• **What is expected**
Take the line containing "Navy Striped Cap" and all lines after it, through the end of the material, and repeat them exactly, pictures left out.

• **Material for the task**
··········
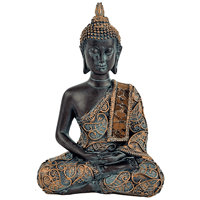 Spiru Thaise Boeddha Beeld Mediterend Polyresin Zwart - 10 x 6 x 15 cm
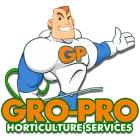 GP Gro-Pro Horticulture Services logo with a smiling white-and-blue mascot holding a thumbs-up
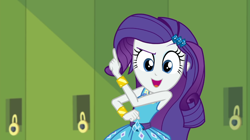 Size: 1920x1078 | Tagged: safe, derpibooru import, screencap, rarity, better together, equestria girls, holidays unwrapped, o come all ye squashful, rarity peplum dress, sleeveless, solo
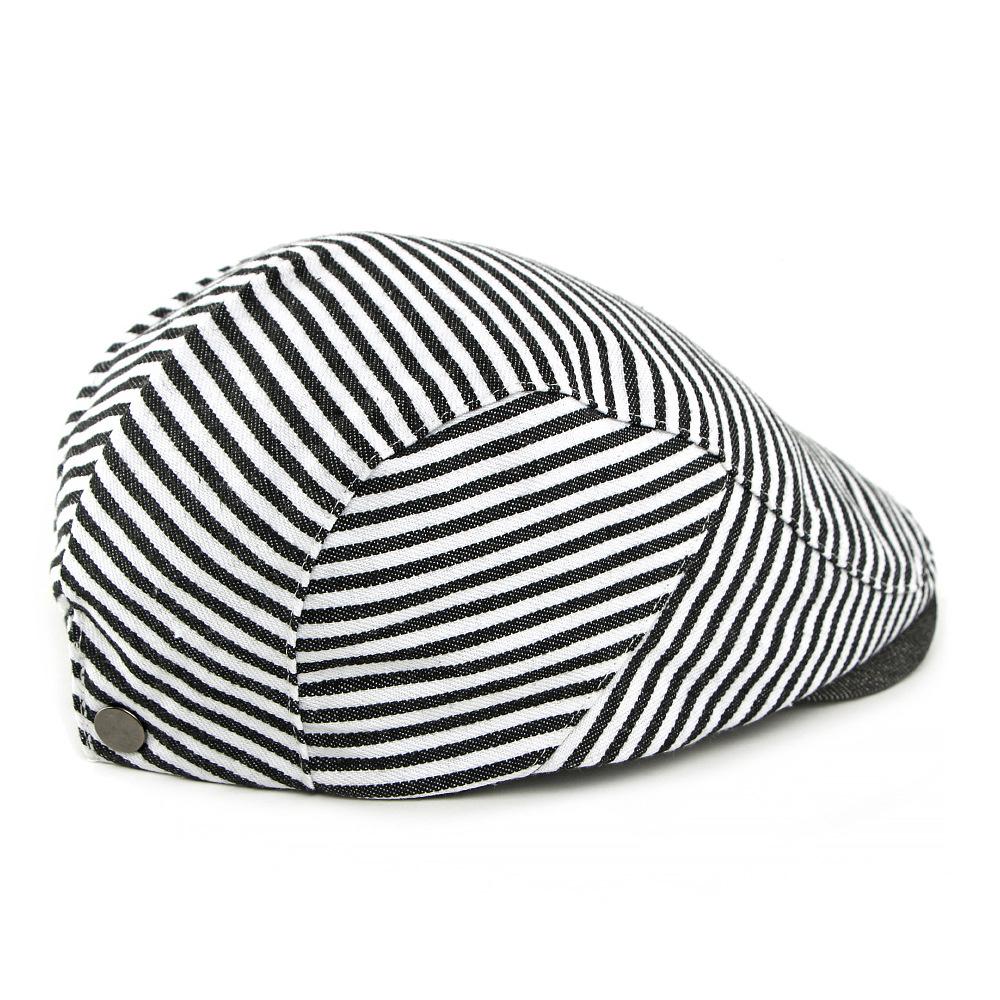 Navy Striped Cap Men Women Retro Beret British Cap Forward Cap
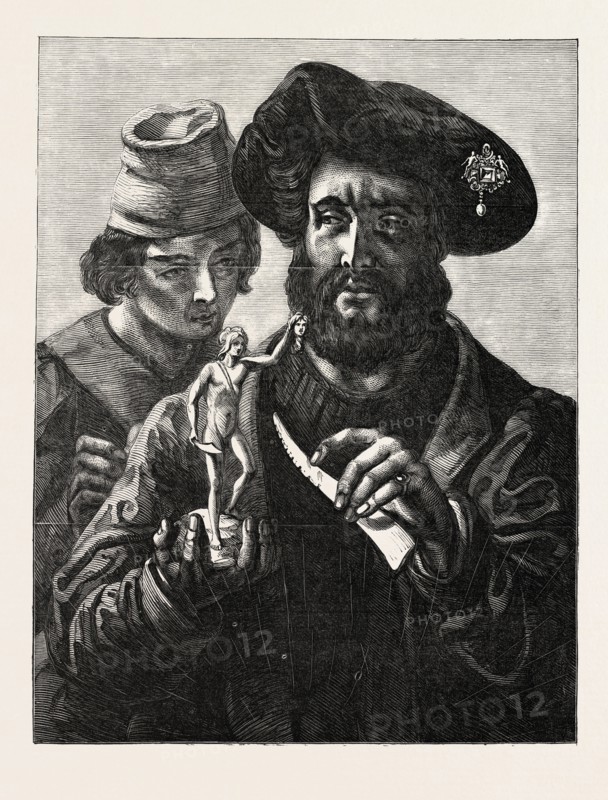 EXHIBITION OF THE ROYAL ACADEMY: BENVENUTO CELLINI, GIVING INSTRUCTIONS TO HIS ASSISTANT, BERNARDINO MANELLINI, OF MUGELLO PAINTED BY S.A. HART, R.A., 1851 engraving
··········
• **Result for this task**
 Navy Striped Cap Men Women Retro Beret British Cap Forward Cap
 EXHIBITION OF THE ROYAL ACADEMY: BENVENUTO CELLINI, GIVING INSTRUCTIONS TO HIS ASSISTANT, BERNARDINO MANELLINI, OF MUGELLO PAINTED BY S.A. HART, R.A., 1851 engraving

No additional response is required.